From Francis Hopkinson3

ALS: American Philosophical Society

Philada. 22d. Octr. 1778.

My dear Friend.

Had I consulted my own Inclinations more than your Ease, you should have frequently heard from me since you left us; but knowing your Correspondence to be extensive and your Engagements important, I have avoided offering myself to your Notice lest I should intrude on more weighty Concerns. I would not, however, carry this Delicacy so far as to run the Hazard of being entirely forgot by one who was my Father’s Friend to the last,4 and whom I am very proud to call mine. A Continuance of your Regard will be a real Gratification to me and flatter my Vanity, as I can truly say I both love and honour you. I have suffered much by the Invasion of the Goths and Vandals. I was obliged to fly from my House at Borden Town with my Family and leave all my Effects in Statu quo; the Savages plundered me to their Heart’s Content, but I do not repine, as I do really esteem it an honour to have suffered in my Country’s Cause and in Support of the Rights of human Nature, and of civil Society. I have not Abilities to assist our rightious Cause by personal Prowess and Force of Arms, but I have done it all the service I could with my Pen, throwing in my Mite at Times in Prose and Verse, serious and satirical Essays &ca.5 The Congress have been pleased to appoint me Treasurer of Loans, for the United States with a Salary of 2000 Dollars.6 Could our Money recover it’s former Value, I should think this a handsome Appointment—as it is, it is a Subsistance.

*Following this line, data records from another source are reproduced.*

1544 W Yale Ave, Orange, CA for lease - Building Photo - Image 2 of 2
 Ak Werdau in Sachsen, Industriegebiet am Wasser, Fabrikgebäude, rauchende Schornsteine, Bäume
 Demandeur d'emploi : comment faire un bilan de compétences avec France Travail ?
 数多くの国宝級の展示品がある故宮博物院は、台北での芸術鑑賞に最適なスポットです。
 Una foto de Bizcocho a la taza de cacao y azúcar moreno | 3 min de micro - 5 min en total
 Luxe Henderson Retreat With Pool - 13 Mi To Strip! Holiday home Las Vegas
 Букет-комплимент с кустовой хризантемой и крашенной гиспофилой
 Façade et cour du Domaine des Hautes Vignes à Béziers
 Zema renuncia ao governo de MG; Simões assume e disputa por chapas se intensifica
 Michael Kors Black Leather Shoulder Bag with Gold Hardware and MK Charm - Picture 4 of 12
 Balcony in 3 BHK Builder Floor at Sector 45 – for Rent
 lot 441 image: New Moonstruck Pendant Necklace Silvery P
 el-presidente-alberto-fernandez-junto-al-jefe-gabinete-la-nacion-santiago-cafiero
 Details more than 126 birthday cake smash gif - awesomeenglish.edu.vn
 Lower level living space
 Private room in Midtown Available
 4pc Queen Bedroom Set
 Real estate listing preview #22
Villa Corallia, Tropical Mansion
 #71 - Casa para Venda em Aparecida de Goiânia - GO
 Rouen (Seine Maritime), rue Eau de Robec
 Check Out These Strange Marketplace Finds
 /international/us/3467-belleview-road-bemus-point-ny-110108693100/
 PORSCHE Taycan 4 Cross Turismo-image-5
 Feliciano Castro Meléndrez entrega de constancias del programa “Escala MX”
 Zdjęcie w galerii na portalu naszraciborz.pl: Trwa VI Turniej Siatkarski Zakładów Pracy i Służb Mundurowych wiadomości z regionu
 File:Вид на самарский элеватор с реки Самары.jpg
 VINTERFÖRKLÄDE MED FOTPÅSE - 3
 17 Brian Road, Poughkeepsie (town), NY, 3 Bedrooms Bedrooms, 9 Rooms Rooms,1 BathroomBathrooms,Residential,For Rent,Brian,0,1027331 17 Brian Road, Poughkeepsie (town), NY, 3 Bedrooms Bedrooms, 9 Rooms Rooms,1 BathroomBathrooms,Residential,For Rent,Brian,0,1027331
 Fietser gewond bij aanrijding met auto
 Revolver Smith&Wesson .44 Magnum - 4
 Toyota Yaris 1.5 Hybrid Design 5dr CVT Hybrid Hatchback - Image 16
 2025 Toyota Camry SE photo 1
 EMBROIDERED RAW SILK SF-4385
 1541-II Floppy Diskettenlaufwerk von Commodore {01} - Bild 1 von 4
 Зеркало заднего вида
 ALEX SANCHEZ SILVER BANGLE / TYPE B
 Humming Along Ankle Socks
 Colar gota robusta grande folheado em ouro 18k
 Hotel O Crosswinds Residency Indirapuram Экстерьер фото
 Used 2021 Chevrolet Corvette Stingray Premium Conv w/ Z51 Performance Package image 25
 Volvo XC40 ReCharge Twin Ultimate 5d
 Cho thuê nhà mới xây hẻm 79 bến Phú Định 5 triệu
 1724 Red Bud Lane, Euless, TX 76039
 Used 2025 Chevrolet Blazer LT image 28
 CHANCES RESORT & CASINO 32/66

Mrs. Bache has been so good as to lend me your portable Electrical Apparatus, which I have got in excellent Order, and shall take great Care of; it is a great Amusement to me, and I hope you will not be offended with her and me for this Liberty. I wish to borrow also your little Air Pump, which is at present much out of Order, but I will clean it and put it to Rights if she will let me have it. Whatever she lends me shall be punctually restored on Demand, in good Repair. N.B. Your Gim-cracks have suffered much by the late Usurpers of our City.7 But I will not detain you longer with my uninteresting Chat. Sincerely wishing you a long Continuance of Health and Ease, and all the solid Comforts which a good Man enjoys in the decline of Life, I am, dear Sir, Your ever affectionate and unfeigned Friend

Fras Hopkinson

Dr. Franklin

Notation: fras hopkinson. Phyladelphie 22. aout[sic] 1778.

[Note numbering follows the Franklin Papers source.]

3This is his first private letter, as far as we know, since April 23, 1770.

4For Thomas Hopkinson, who died in 1751, see I, 209 n.

5At least one book had been taken from Hopkinson’s library in Bordentown during the occupation by Donop’s troops in December, 1776. In the raid of May, 1778, when many houses were burned to the ground, Hopkinson’s was allowed to be saved. George E. Hastings, The Life and Works of Francis Hopkinson (Chicago, [1926]), pp. 229–33. For a discussion of Hopkinson’s writings see ibid., 281 ff.

6His letter of Sept. 18 is written in that capacity.

7“Gim-cracks”: mechanical devices. On June 4, 1779, BF replied: “I am glad that the Enemy have left something of my Gimcrackery that is capable of affording you Pleasure. You are therefore very welcome to the Use of my Electrical and Pneumatic Machines as long as you think proper.” APS.